A Goodbye Letter From Me To New York

By

I moved here six and a half years ago and I’ve got to tell you – I don’t feel any more a New Yorker today as I did on that cold, snowy day that I arrived in a U-Haul from Boston. Through the friendships, the jobs, the apartments, and repetitive bus rides uptown, downtown, and uptown again. Though the late nights in Brooklyn, swanky dinners in Meat Packing, and the overpriced yellow taxis home before Uber and Via consumed my phone. I still don’t feel any more a New Yorker than I did the moment I arrived. Sure, I know the streets better, I can give directions to tourists and recommend the best restaurants in town. But the feeling of being a true New Yorker runs deep the moment you place your cardboard box of clothes and essentials down on your new, small apartment floor. When we make the commitment to sacrifice space for hope, that’s when your inner New Yorker is born. It’s a pulse that runs deep through the veins of those who gravitate here in hopes of a better future – filled with creativity, liveliness, and acceptance. 

And then something happened. COVID-19 happened. And for the first time, New York no longer held its grandiosity.
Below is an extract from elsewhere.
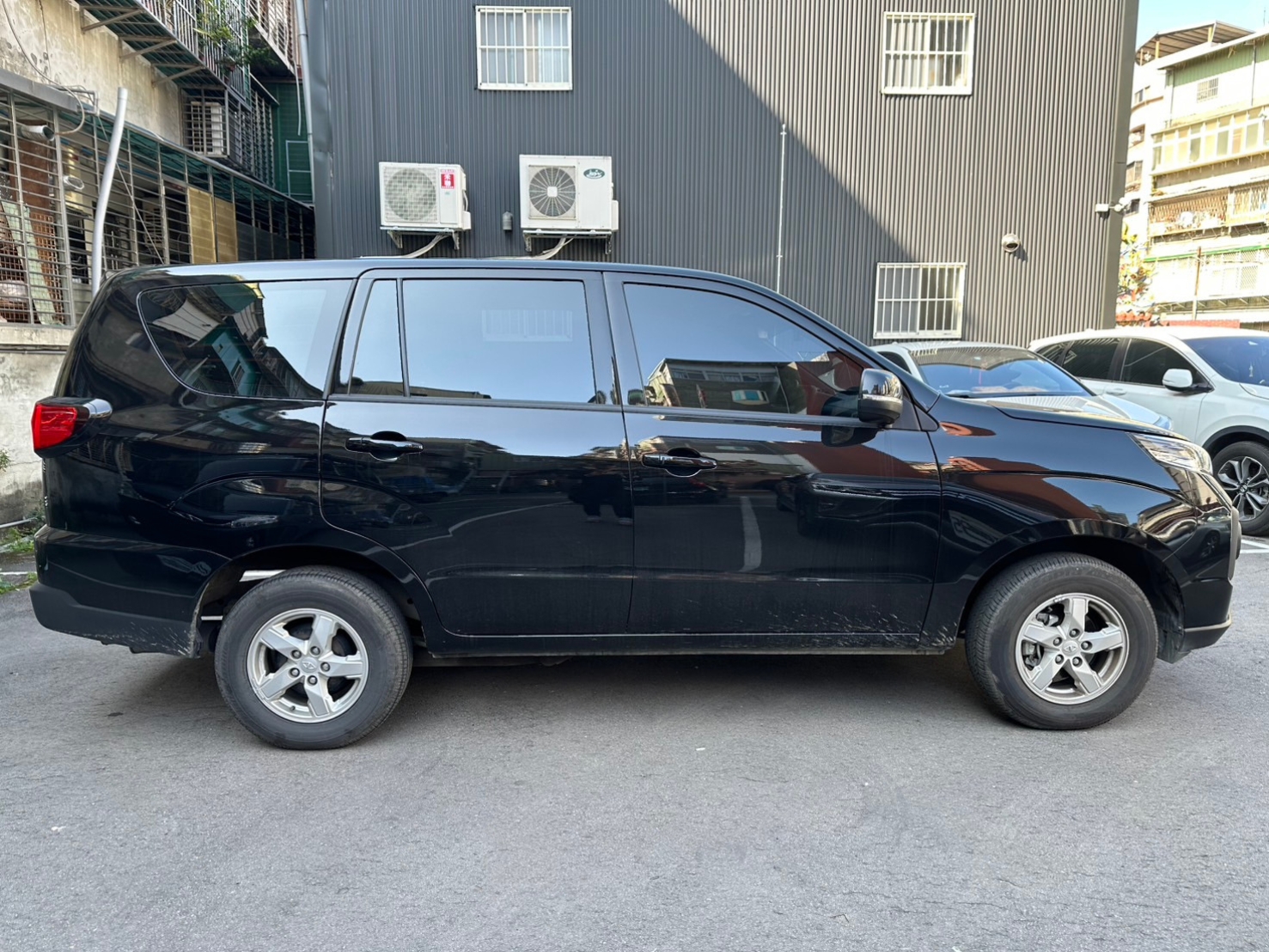 MITSUBISHI ZINGER 七人標準款 2024 Image 3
Instead of being the city everyone dreams of, it’s the place nobody wants to be. Violent crime is on the rise, real estate plummeted, and the list of closing restaurants increases by the day.

Recently I’ve had a recurring nightmare. NYC is being destroyed by some natural disaster like rampaging lightning bolts, catastrophic earthquakes, or insurmountable winds. The buildings are falling, the ground is sinking, and from a distance I watch the few New Yorkers left in the crumbling city, run for their life. 
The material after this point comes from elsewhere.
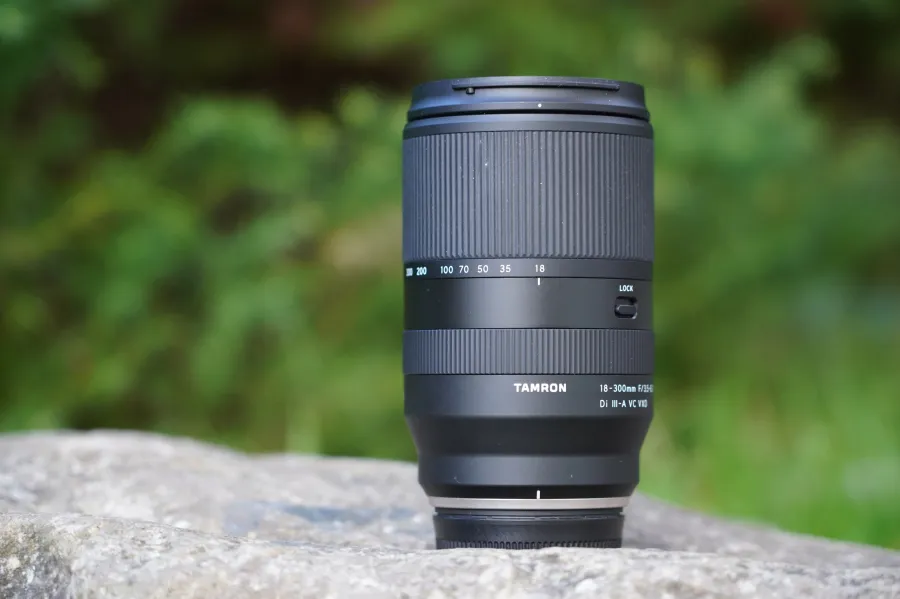 Tamron-18-300mm-f3.5-6.3-side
I looked into it. You know, some Google searches and self-exploration. And I realized that these nightmares espouse my deepest fear – New York will never be the same. Its persuasive beam of light is slowly simmering into a dark shadow as this pandemic rolls on. The hope that your life would transform regardless of your background, mistakes, or hometown reputation – is gone. New York was the Ellis island for our bullied pasts. A safe haven for those of us from small towns who wanted more and had nowhere else to run. Slowly, we would evolve out of our shoebox apartments and into high paying jobs to fancy the city as we pleased. 

But now? There’s nowhere to fancy. The list of our favorite places, and those we aspired to go, have been replaced with silhouettes and empty streets. They’re gone. All gone. 
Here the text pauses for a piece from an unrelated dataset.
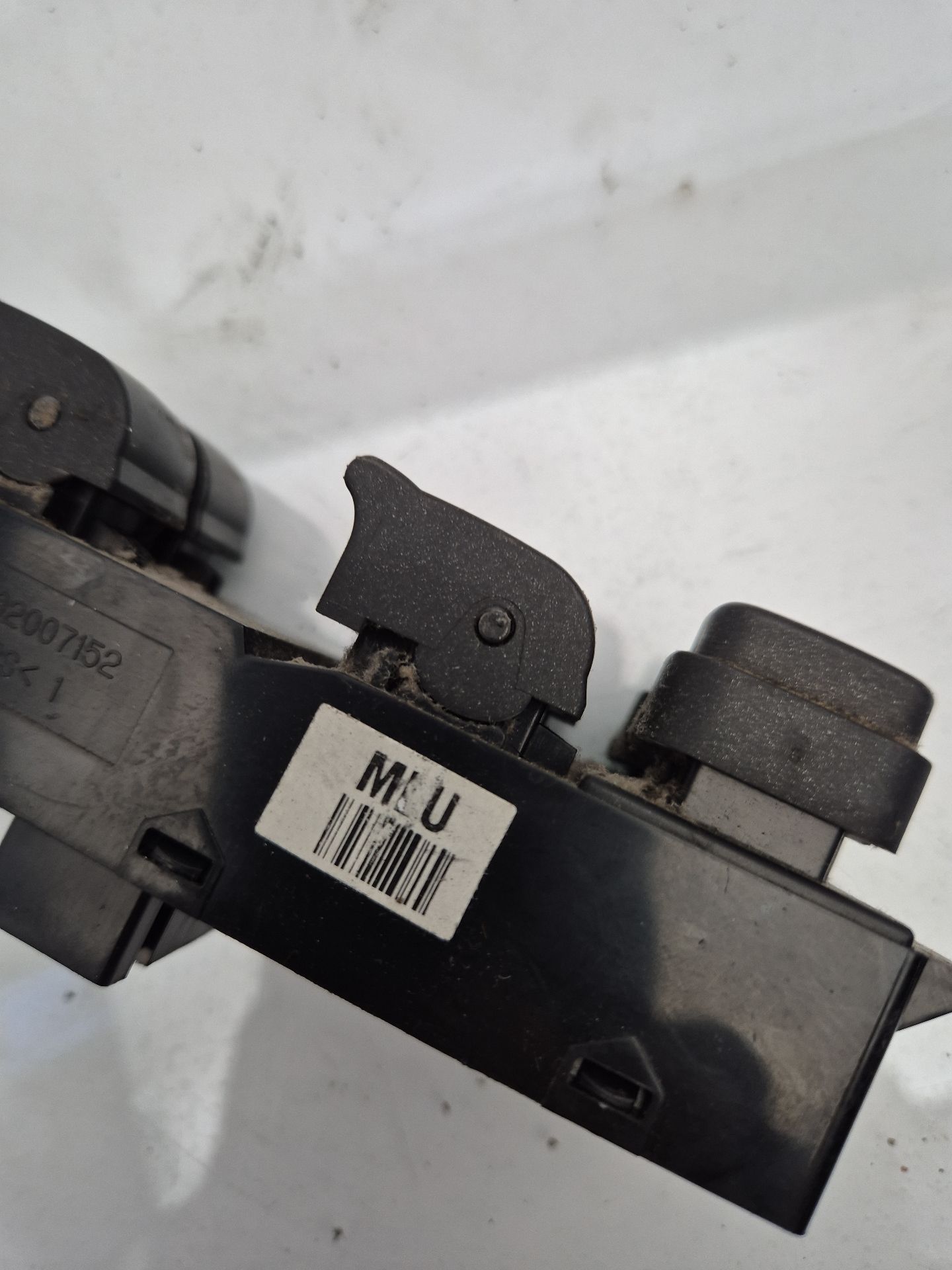 MANDO ELEVALUNAS DELANTERO IZQUIERDO SSANGYONG KOR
Nothing changed from day one to day ~2,000. Sure, I had survived the expensive birthday dinners, crappy flings, abusive jobs, and shady street corners. But it all changed when we were forced to stay inside or mask up. Many of us lost our purpose, our community, and a sense of belonging. Most of all, we lost our friends. The people we always needed even before we knew who they were. The ones who shared our dream and made NYC vibrant, dynamic, worthy. 

I hold on to the faith that this city will revive itself, but the reality is creeping in day by day.  My nightmares are becoming true. Over time, the city that made us who we are will fade into a distant memory, only leaving sprinkled remnants of what was. The character we developed during New York’s glory days will remain, but the place we grew to love will be gone.